Oh, that’s such good stuff. Oh, my gosh. Oh, my gosh! I just literally want to drive to Toronto right now and get some tea, and just sit with you and talk for 12 hours.

Karen BK Chan: Let’s do that. I’ll meet you halfway.

Dawn Serra: OK. That’s perfect. OK. Well, we have maybe ten minutes left. So I’d love to know, would you rather – different version – talk about empathy and emotional intelligence or would you like to help me answer a listener question that’s about communicating vulnerably around sex?

Karen BK Chan: Question. 

Dawn Serra: Yay! 

Karen BK Chan: No idea what they are.

Dawn Serra: OK. Perfect. Well, we can fumble through it together because it’s a really, really sweet question. When I read it, I was like, “Oh. I think BK would be great at this one.” So let’s see. We got an email from Natalie. It says, “Hello, Dawn. I love your podcast. I recently found it, and I have listened to almost all of them. You’re really easy to listen to, and you give great advice. I’m a married 23 year old lesbian. My partner and I have been married for almost three years. It has been amazing being married to my best friend. 

My question is that my partner and I have a pretty good sex life, but we don’t communicate very well during sex. So I never know what she likes or not. We like to watch lesbian porn together, but I also watch straight and other kinds of porn by myself. And she doesn’t know that. We recently bought a magic wand, and I love it. But I orgasm really fast, and my wife doesn’t get a chance to come because she’s too worried about pleasing me. I guess I’m just asking for help on how to communicate and how to approach certain conversations. Thanks. Natalie.” 

Dawn Serra: I love this question. Well, first of all, I love that they’re married, and she’s talking about being married to her best friend, and they have this great relationship. They just seem to be stuck in not being able to really talk about their experiences. So I’d love to know where do you think is a good jumping off point for Natalie if she wants to get better at communicating during sex, but also it sounds like she’s feeling some guilt around orgasming and her wife isn’t because she’s giving. What are the first things that pop up for you on this one?
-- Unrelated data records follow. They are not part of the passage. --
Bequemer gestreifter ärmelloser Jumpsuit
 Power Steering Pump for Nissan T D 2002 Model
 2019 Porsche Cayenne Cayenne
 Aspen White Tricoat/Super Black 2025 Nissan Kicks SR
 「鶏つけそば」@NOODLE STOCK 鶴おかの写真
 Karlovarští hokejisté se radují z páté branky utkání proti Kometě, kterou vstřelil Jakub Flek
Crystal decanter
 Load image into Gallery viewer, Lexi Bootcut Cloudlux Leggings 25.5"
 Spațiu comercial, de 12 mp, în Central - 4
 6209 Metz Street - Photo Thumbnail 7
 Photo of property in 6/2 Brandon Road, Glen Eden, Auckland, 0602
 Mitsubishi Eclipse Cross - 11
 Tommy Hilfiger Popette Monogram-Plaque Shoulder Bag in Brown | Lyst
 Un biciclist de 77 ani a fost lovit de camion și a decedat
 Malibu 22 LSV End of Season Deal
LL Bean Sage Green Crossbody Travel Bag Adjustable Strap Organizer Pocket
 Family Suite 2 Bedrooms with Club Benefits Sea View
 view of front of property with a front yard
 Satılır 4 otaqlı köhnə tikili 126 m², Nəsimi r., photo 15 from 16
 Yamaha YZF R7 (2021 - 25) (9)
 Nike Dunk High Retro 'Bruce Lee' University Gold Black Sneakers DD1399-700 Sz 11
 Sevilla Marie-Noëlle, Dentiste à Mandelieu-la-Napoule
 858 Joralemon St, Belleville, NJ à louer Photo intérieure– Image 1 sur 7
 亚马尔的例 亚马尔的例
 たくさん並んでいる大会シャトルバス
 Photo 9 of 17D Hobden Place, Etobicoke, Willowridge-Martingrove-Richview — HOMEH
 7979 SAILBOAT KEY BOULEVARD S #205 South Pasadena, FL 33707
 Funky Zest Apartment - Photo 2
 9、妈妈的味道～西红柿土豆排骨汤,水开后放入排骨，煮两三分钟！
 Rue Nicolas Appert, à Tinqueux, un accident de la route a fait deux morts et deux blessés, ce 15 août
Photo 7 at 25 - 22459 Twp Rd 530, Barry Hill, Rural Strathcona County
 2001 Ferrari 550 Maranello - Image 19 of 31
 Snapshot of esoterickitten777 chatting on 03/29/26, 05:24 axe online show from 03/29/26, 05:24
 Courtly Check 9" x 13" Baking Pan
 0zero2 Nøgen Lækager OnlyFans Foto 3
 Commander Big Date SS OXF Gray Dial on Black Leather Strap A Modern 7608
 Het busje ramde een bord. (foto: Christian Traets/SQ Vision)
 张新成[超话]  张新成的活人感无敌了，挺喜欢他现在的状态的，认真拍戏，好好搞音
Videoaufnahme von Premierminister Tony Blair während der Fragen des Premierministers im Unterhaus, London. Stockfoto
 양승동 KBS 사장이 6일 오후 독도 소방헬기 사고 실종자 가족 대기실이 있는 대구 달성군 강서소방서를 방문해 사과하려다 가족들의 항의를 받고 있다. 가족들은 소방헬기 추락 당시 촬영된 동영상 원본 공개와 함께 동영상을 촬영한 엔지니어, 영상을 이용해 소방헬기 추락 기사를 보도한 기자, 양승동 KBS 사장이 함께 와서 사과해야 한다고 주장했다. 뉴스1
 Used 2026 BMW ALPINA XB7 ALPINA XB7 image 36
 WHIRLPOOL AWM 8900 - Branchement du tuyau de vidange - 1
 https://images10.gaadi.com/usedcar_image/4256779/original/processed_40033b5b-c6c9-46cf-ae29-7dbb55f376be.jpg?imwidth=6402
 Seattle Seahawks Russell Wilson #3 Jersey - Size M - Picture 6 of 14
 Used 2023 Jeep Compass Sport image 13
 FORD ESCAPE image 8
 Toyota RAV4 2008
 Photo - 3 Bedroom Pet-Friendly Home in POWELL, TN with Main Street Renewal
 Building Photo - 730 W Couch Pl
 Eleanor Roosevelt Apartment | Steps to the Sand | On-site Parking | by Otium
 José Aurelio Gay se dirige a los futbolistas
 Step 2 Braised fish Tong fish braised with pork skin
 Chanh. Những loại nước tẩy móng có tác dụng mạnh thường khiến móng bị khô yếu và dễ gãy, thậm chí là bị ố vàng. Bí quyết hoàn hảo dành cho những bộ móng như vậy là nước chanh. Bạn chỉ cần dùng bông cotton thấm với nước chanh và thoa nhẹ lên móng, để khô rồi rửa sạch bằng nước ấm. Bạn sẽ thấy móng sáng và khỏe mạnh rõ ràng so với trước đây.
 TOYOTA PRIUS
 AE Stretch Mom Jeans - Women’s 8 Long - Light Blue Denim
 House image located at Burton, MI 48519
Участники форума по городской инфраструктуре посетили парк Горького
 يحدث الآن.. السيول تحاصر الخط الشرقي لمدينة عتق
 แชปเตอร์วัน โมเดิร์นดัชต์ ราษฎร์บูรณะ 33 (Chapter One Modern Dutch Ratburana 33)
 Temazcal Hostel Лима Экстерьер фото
Karen BK Chan: Well, I don’t know if this is my final answer, but the first thing that popped up was just talking about sex, not about sexual experience with each other. I like to detour a lot in life, including in conversations. I’m not sure what’s happening for both people, and I don’t know what their sexual histories are. I don’t know how comfortable they talk about sexuality, period. So I wouldn’t look right in the bull’s eye and say, “How do you talk about sexual experience between these two people?” But I would ask questions like, “When was the first time you ever saw a naked person that wasn’t yourself?” – things that are close to nothing at all, so that the rapport builds, and that it’s like easing into more scary territory. In those conversations, hopefully, things also come up. Like, “Oh, my parents would kill me if they even know that I saw their videotapes.” Then we get into a little bit more – “Oh. OK. So I didn’t talk about this. I never talked about it. I’ve had other partners, and we don’t talk.” So I’m more into talking about other things. What would you say?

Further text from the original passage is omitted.